I, too, struggled with this reconciliation after coming out. My Lebanese parents raised me to fast during the month of Ramadan, pray five times a day, and attend Friday prayers from time to time. Despite that, the religion didn’t resonate with me. It felt more like a checklist of what not to do to avoid hellfire rather than it being something spiritual to connect with. When I came out as gay, the faith seemed to get in the way of my finding common ground with my family. I was given a choice, but the only reasonable one was for me to leave the house. I left my religion behind too so in a lot of ways, I didn’t reconcile a thing, which makes me that much more curious about how others do.
Momin Rahman, a sociology professor at Trent University in Canada is working on a study that looks at the the strategies used by LGBT muslims to reconcile Islam with LGBT life. In a phone conversation, he explains that most of the people they spoke to during the study didn’t necessarily see them themselves as religiously Muslim. They saw themselves more as culturally Muslim.
“I think if you have a cultural identification as Muslim then you’re not as concerned with, or you’re not as conflicted about being gay and being Muslim because your Muslim-ness isn’t necessarily specifically religious,” he explains. “I think that that does make it easier.”
But what about those people who are closely connected to their faith and who value what the Qur’an says about who they love?

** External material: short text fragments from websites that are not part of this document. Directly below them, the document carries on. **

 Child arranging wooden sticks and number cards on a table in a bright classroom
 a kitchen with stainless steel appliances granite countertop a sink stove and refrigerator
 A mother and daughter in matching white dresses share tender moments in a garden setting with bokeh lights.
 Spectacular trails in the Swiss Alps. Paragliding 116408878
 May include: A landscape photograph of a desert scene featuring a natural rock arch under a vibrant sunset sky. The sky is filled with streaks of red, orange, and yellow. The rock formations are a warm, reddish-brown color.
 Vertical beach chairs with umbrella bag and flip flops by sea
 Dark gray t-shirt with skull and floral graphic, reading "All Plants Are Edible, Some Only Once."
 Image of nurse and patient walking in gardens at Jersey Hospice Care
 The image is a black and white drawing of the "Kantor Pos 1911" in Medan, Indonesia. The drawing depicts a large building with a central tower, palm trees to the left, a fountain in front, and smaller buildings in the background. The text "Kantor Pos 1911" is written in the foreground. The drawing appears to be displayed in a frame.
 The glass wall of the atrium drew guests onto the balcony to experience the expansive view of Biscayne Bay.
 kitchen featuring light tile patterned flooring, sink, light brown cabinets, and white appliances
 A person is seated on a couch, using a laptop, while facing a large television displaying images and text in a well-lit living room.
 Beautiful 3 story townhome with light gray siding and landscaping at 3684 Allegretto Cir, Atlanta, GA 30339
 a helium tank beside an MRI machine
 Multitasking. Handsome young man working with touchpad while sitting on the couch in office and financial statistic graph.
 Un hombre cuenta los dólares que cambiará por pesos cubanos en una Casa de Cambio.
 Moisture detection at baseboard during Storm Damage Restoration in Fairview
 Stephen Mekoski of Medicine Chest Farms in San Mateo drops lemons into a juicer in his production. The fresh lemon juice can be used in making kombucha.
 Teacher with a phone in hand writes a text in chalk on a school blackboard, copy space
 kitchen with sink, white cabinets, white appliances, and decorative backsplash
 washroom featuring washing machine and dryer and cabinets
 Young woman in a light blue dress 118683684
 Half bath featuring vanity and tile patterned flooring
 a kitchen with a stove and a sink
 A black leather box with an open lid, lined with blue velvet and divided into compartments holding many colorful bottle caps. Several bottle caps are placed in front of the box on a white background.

Lali Mohamed, an advisor for Salaam Canada, is of Somali descent and lives on the intersection of queerness, blackness, and Islam. There was very little talk about homosexuality when he was growing up but, when it was discussed, it was seen as haram, or forbidden. It was difficult for him to acknowledge his sexuality at first but still, he was lucky; he didn’t have a painful reconciliation process because of how he interpreted the Qur’anic text on his own.
“I found the story of Lut and this was the story that was consistently referred to in the mosques when homosexuality was brought up, and it was clear to me almost immediately that the story of Lut wasn’t actually about homosexuality. That is a story about sexual assault, about rape, about unfriendliness and at a very young age for whatever reason I knew that wasn’t about me.”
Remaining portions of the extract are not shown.